- [Exercise aim] Ignoring every picture, transcribe the data in full as it stands.
═════ Data section ═════
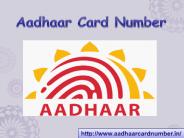 Aadhar Card Number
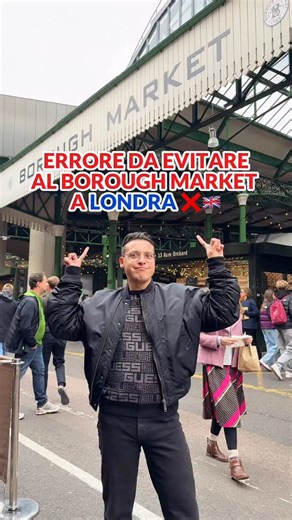 LA TUA LONDRA on Instagram: "Evita questo errore al Borough Market a Londra ❌🇬🇧 Molti turisti finiscono per mangiare in uno dei ristoranti vicini, ma la vera esperienza è dentro il mercato! Tra i miei consigli: 1️⃣ Bomba Paella: £10. 2️⃣ Tacos Messicani: (prova il chorizo!), £10. 3️⃣ Bread Ahead: doughnut ripieni, tanti gusti a £4.50. 🙋🏻‍♂️ Segui @latualondraofficial 📌 Salva questo reel per il tuo prossimo viaggio 🇬🇧 Scopri i nostri tour guidati in Italiano a Londra, link in bio • • • #lo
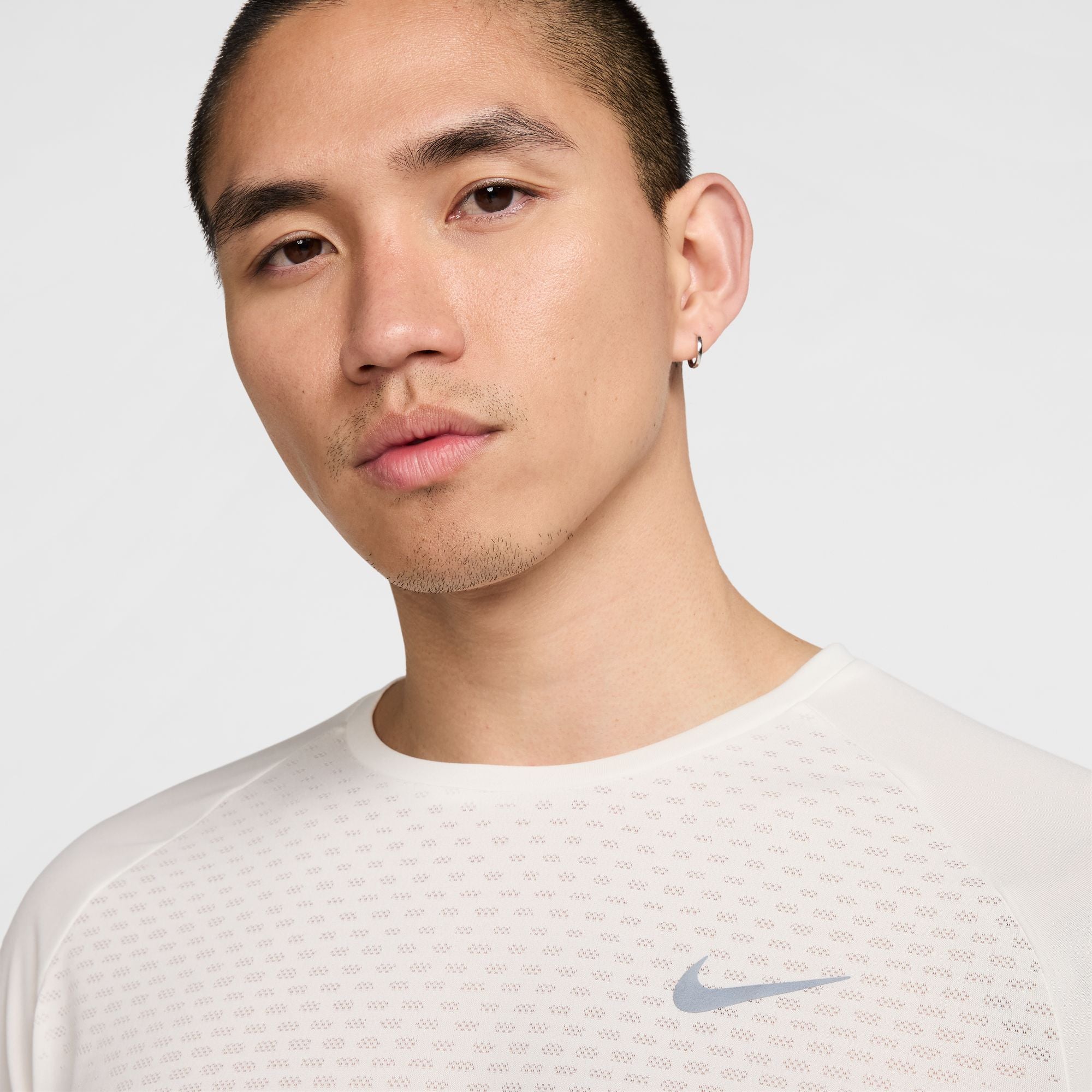 Nike Men's Dri-FIT ADV Short-Sleeve Running Top - Sail/Reflective Silver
═════
- [Response area]
 Aadhar Card Number
 LA TUA LONDRA on Instagram: "Evita questo errore al Borough Market a Londra ❌🇬🇧 Molti turisti finiscono per mangiare in uno dei ristoranti vicini, ma la vera esperienza è dentro il mercato! Tra i miei consigli: 1️⃣ Bomba Paella: £10. 2️⃣ Tacos Messicani: (prova il chorizo!), £10. 3️⃣ Bread Ahead: doughnut ripieni, tanti gusti a £4.50. 🙋🏻‍♂️ Segui @latualondraofficial 📌 Salva questo reel per il tuo prossimo viaggio 🇬🇧 Scopri i nostri tour guidati in Italiano a Londra, link in bio • • • #lo
 Nike Men's Dri-FIT ADV Short-Sleeve Running Top - Sail/Reflective Silver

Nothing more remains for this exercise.